Note: New project descriptions are expected in January and added as they are identified.
Identify the project numbers of greatest interest in the “Career Goals” section of your online application.
Project Number: NE-1
NGNP tritium penetration study
As part of engineering workscope of the Next Generation of Nuclear Plant (NGNP), INL investigates tritium penetration from the High Temperature Gas-Cooled Reactor to nuclear hydrogen plants.
The purpose of this study is to analyze tritium transport from the nuclear reactor to hydrogen plants. In this study INL may develop the numerical tool or use a computer code developed by Japan Atomic Energy Agency depending on the bilateral agreement. In the tritium analysis codes, diffusion data and correlations are based on the simple experiments. Therefore, there are some difficulties to apply them directly to a compact heat exchanger (HX) such as printed circuit heat exchanger (PCHE) type HXs, which consist of semi-circular shaped holes. In this work, the diffusion rates of PCHE type HXs will be estimated by computational methods. Computational fluid dynamic (CFD) code or Comsol Multi-physics code will be utilized here. In addition to this, the effect of the HX's pitch arrangement on the tritium penetration rates will be estimated and finally, the best internal configurations of PCHE will be suggested.

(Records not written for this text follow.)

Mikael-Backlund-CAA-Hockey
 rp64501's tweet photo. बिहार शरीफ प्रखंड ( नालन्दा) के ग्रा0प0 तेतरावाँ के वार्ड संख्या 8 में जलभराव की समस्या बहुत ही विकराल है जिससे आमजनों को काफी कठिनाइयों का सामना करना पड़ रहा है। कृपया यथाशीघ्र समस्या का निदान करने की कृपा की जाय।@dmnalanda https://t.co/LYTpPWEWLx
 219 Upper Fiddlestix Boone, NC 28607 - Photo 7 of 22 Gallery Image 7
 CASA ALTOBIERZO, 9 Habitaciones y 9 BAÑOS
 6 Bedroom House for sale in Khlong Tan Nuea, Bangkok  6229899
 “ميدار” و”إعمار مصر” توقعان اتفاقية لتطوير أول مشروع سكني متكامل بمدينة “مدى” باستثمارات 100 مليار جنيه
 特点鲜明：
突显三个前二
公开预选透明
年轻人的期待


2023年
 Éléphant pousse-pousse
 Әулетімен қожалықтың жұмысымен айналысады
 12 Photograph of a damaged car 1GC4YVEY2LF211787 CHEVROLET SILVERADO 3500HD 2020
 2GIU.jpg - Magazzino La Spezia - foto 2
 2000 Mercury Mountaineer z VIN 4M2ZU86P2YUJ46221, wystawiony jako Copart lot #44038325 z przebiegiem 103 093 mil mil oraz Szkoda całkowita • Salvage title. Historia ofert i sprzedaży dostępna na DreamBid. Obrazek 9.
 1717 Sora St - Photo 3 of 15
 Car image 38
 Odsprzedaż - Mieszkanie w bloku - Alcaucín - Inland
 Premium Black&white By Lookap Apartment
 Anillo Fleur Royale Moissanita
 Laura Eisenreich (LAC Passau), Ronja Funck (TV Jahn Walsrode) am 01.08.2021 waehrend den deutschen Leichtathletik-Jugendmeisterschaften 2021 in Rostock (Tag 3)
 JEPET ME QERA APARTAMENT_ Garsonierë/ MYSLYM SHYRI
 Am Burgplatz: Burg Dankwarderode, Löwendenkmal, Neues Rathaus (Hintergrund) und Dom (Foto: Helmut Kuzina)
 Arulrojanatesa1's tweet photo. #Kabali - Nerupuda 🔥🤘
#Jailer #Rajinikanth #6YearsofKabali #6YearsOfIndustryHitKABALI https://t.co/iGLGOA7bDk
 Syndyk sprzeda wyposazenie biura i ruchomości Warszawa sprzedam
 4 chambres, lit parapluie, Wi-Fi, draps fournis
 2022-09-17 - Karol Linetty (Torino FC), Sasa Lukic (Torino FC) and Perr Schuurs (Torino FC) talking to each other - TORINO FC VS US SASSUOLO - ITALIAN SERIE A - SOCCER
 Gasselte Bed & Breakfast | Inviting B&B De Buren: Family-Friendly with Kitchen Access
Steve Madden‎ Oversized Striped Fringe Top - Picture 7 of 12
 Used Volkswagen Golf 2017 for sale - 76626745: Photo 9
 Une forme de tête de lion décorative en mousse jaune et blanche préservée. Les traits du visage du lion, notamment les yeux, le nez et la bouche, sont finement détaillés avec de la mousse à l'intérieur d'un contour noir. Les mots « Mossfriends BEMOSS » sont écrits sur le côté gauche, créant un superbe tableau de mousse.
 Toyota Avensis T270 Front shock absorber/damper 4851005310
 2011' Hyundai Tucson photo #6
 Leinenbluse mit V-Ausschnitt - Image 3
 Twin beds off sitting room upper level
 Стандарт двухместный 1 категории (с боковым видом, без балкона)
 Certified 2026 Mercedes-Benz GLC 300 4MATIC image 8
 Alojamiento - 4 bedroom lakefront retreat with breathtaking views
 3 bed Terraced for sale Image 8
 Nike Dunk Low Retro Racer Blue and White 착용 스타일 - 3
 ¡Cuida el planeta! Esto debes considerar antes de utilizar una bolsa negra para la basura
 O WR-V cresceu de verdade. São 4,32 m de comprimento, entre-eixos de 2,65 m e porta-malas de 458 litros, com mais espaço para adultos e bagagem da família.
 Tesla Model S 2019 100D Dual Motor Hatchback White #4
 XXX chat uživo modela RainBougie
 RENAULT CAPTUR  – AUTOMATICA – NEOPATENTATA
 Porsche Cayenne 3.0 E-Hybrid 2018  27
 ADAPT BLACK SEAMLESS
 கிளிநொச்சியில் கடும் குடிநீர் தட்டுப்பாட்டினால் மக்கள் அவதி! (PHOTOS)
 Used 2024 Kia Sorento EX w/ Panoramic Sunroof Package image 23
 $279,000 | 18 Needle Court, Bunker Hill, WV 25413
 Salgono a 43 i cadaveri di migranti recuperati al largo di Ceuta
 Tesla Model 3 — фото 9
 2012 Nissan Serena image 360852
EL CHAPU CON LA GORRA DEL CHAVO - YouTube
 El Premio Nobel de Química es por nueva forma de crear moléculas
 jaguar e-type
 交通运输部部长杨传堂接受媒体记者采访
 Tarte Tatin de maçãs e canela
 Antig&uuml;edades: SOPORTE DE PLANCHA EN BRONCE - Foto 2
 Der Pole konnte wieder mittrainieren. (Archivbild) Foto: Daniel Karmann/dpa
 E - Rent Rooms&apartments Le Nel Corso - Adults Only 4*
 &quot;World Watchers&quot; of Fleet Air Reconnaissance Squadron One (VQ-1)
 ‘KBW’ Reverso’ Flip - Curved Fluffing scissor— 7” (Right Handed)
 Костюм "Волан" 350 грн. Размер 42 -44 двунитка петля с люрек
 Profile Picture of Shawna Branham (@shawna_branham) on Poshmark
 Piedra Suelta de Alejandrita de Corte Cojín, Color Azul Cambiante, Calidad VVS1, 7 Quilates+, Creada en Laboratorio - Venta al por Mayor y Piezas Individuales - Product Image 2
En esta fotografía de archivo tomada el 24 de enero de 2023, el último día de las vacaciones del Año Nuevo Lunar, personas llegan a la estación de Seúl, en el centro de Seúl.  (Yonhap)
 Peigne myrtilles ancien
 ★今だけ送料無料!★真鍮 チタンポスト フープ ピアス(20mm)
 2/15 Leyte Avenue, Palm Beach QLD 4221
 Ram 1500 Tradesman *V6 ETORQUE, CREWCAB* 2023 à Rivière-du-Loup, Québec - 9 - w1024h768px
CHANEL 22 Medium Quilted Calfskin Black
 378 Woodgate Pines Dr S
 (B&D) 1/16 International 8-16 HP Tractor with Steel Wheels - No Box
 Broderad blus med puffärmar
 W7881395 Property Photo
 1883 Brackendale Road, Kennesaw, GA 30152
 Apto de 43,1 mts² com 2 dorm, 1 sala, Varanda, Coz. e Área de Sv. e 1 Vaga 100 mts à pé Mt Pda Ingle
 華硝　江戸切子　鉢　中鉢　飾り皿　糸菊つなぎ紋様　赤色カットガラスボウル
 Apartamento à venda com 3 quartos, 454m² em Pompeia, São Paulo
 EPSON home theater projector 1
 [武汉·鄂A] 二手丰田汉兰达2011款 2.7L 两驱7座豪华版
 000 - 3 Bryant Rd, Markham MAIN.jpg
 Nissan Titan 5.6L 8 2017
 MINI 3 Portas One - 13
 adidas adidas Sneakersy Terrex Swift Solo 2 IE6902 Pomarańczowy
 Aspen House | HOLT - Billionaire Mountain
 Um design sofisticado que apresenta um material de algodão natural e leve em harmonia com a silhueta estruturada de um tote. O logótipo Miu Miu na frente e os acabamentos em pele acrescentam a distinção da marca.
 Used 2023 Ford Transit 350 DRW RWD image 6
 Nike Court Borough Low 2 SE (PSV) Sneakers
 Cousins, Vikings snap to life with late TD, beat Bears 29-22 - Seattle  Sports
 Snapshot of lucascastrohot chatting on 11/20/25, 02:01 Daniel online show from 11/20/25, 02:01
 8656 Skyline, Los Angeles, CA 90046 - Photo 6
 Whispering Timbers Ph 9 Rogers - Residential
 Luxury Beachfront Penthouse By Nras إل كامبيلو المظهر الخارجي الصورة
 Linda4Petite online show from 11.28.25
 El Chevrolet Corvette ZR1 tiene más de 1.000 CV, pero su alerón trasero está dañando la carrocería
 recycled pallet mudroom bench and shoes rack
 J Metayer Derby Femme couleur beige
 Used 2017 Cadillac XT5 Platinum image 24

This is a multi-year task. In FY-08, we will focus on a number of benchmarking calculations using Peach Bottom data and validation.
A student who has experience in heat transfer and CFD code is preferred and if not, INL will provide necessary training for this work.
Contact: Chang Oh, Send E-mail
Project Number: NE-2
Data Collection and Analysis on Plasma Diagnostic Devices of a Tokamak Magnetic Fusion Experiment
A physics or nuclear engineering student, senior or first year graduate student, is needed to perform data collection and analysis on operating experiences of plasma diagnostics of a US tokamak. The student will learn about various diagnostics, review failure reports, analyze the data to develop device failure rates and repair rates. The student will compare the data analysis results to any other published data on diagnostics. Necessary skills include basic understanding of diagnostic device functions, types, and construction (or willingness to learn such information) and basic undergraduate statistics. The student would prepare a presentation or poster on the summer’s activities and document the analysis in a report.
Contact: Lee Cadwallader, Send E-mail
Project Number: NE-4
ATR National Scientific User Facility
The Advanced Test Reactor (ATR) is one of the world's largest and most capable irradiation testing facilities. The reactor's high flux allows accelerated testing of reactor materials and components, so that a lifetime neutron exposure can be accumulated in a relatively short time. The ATR National Scientific User facility operates to make available these world class capabilities for use by nuclear researchers who agree to publish the results of experiments. The User Facility includes both state-of-the art irradiation testing and post-irradiation examination capabilities. Current major projects include development of an irradiation test vehicles for high temperature instrumented irradiation experiments, development of boiling water capsule experiment hardware, and methodology and design of systems for crack growth rate and fracture toughness testing of irradiated materials.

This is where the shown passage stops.